▸ **Problem statement**: Give the lines below again exactly, starting with the line that holds "Bungalow for sale in Wimblebury, Chadsmoor" and going on through the line that holds "Used 2018 Ford".
++++ Dataset extract
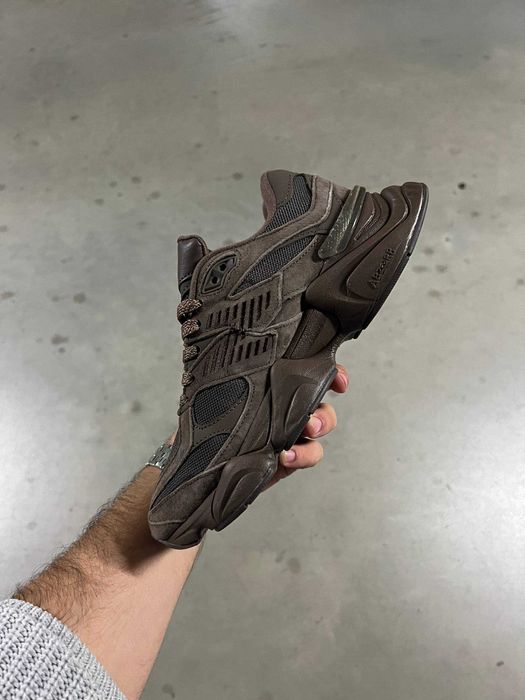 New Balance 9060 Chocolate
++++++++
++++ Dataset extract
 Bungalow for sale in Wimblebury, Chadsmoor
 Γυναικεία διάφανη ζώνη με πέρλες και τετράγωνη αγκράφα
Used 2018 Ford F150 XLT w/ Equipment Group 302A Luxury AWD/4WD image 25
++++++++
▸ **Answer to the problem**:
 Bungalow for sale in Wimblebury, Chadsmoor
 Γυναικεία διάφανη ζώνη με πέρλες και τετράγωνη αγκράφα
Used 2018 Ford F150 XLT w/ Equipment Group 302A Luxury AWD/4WD image 25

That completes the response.